User Guide
This guide provides a comprehensive overview of the genome_entropy pipeline, explaining concepts, data flow, and best practices.
Pipeline Overview
The genome_entropy pipeline transforms DNA sequences through multiple representation levels, computing Shannon entropy at each stage:
DNA (FASTA)
↓
[ORF Finding]
↓
ORFs (nucleotides) → Entropy₁
↓
[Translation]
↓
Proteins (amino acids) → Entropy₂
↓
[3Di Encoding via ProstT5]
↓
3Di Tokens (structural) → Entropy₃
↓
[Entropy Analysis]
↓
Complete Entropy Report
This multi-level analysis enables comparison of information content across different biological sequence representations.
Understanding ORFs
What is an ORF?
An Open Reading Frame (ORF) is a sequence of DNA between a start codon (typically ATG) and a stop codon (TAA, TAG, or TGA), representing a potential protein-coding region.
Reading Frames
DNA has six possible reading frames:
Three forward frames (starting at positions 0, 1, 2)

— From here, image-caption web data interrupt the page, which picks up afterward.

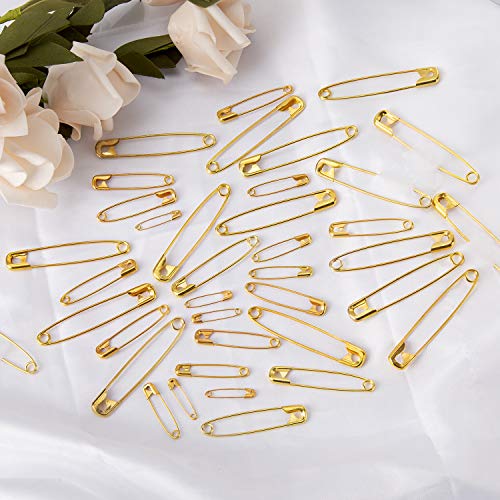 Gold Safety Pins Set: 250 Pieces, 6 Sizes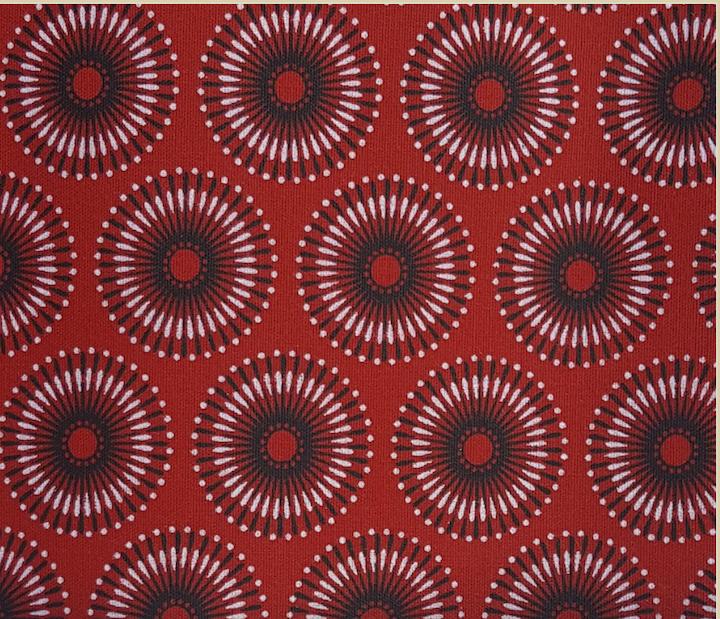 Shweshwe Red Black White Dotted Circle-35-36" wide- 100% cotton-Sale $10.50 was $15yd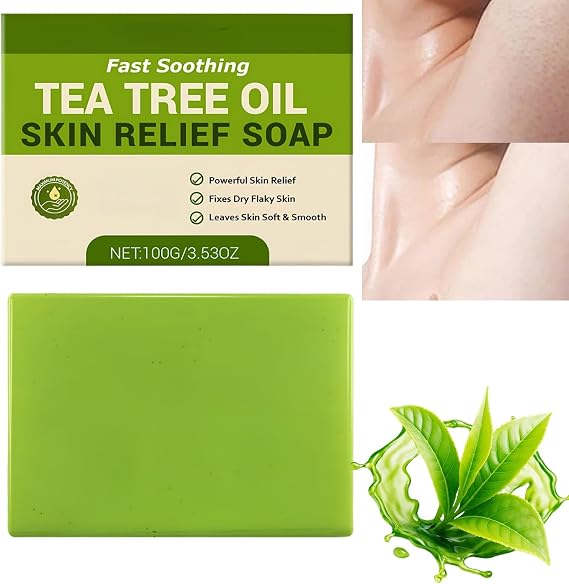 Natural Tea Tree Oil Soap Bar for Body,Face - Antifungal Soap with Deep Cleansing,Effectively Fights Skin Fungus & Body Odor,Suitable for All Skin Types,Green Soap Bar for Shower and Facial Care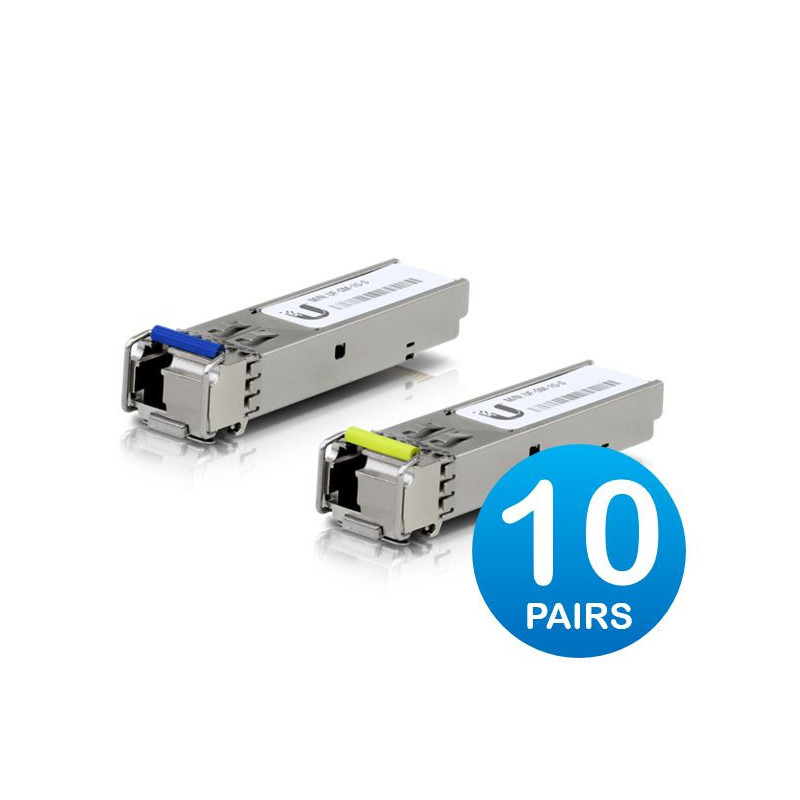 Ubiquiti UFiber1 Gbps Bidirectional Single-Mode SFP Module, 20-Pack, Up 3km Distance,Simplex LC Connector, Fiber Cable Not In
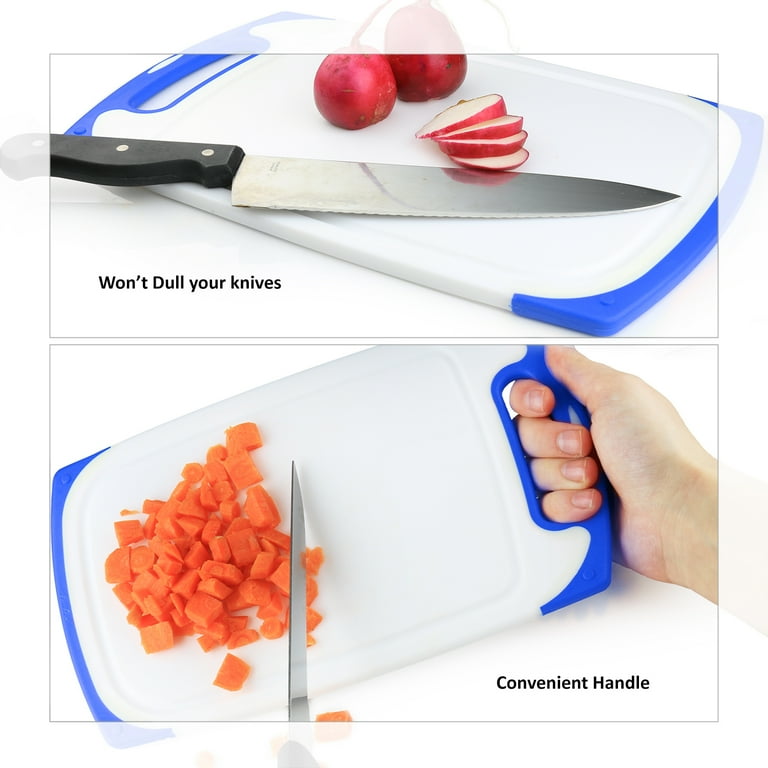 3-Piece Plastic Cutting Board with Non-Slip Feet and Deep Drip Groove Blue 3-Piece Plastic Cutting Board with Non-Slip Feet and Deep Drip Groove Blue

Three reverse frames (reverse complement, starting at positions 0, 1, 2)
Example:
DNA: ATGGCATAGCTAA
Frame 0: ATG GCA TAG CTA A
Frame 1: A TGG CAT AGC TAA
Frame 2: AT GGC ATA GCT AA
ORF Properties
Each ORF has the following properties:
Position: Start and end coordinates (0-based)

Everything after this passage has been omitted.